Messi sotto accusa, gli esercenti scaricano responsabilità su distributori e produttori che scatenano una valanga ingestibile di copie nelle sale. E il settore della distribuzione, dal canto suo si giustifica mettendo in evidenza il fatto che il numero di film prodotti in un anno non riesce ad avere una giusta collocazione perché sempre crescente rispetto alle settimane a disposizione che ‘naturalmente’ continuano ad essere soltanto 52. Quel che è certo è che non c’è assolutamente intesa tra i vari settori anche se da più parti arrivano segnali propositivi per raggiungere la risoluzione del problema.
La concentrazione in corso nel mondo del cinema e dell’audiovisivo può generare sproporzionati rapporti di forza. Negli Stati Uniti le major e le loro filiali raccolgono il 90 per cento degli incassi di sala, mentre gli indipendenti distribuiscono 100 volte più film. Inoltre le reti televisive USA producono loro stesse il 92 per cento della loro programmazione (contro il 50 per cento di dieci anni fa) riducendo così i registi indipendenti a esercitare la loro diversità nell’anonimato.
Soprattutto l’integrazione verticale ha fatto reagire alcuni produttori francesi che hanno preteso un rafforzamento del diritto alla concorrenza, al fine di evitare gli abusi delle emittenti divenute insieme produttrici, distributrici ed esercenti.

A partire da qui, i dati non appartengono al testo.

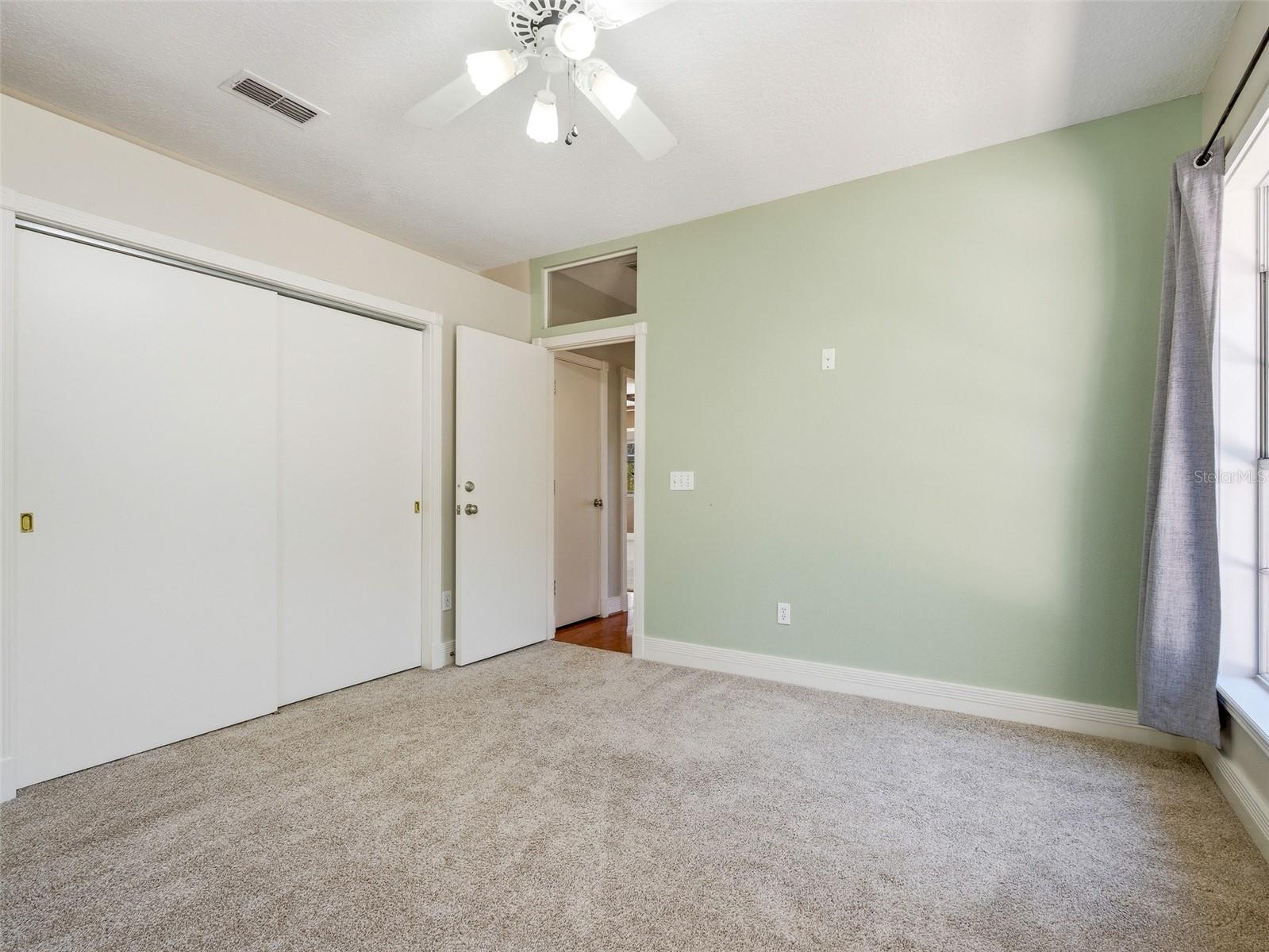 Image 42 of 59 For 1996 Tournament Drive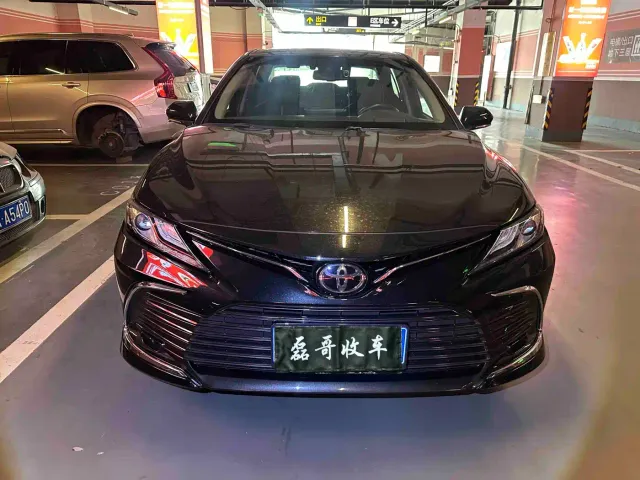 Toyota Camry — Фото автомобиля 2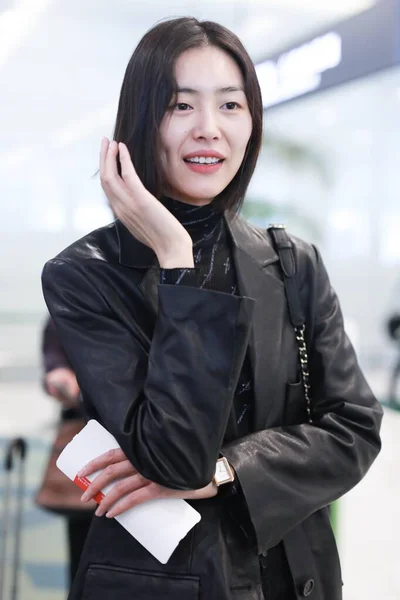 China Liu Wen Shanghai Airport Fashion Outfit — Stockfoto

Coscienti di queste importanti sfide, i cineasti presenti a Beaune, capitanati dalla presidente dell’ARP, Coline Serreau, hanno richiesto l’iscrizione del principio della diversità culturale nella futura Costituzione Europea. Hanno anche richiamato gli stati europei a essere più vigili per poter rifiutare ogni liberalizzazione del settore audiovisivo e cinematografico in occasione delle negoziazioni dell’OMC. Un appello, questo, alla mobilizzazione che echeggia come risposta volontaria alle voci pessimiste che, da tre giorni, si esprimono senza armonizzazioni.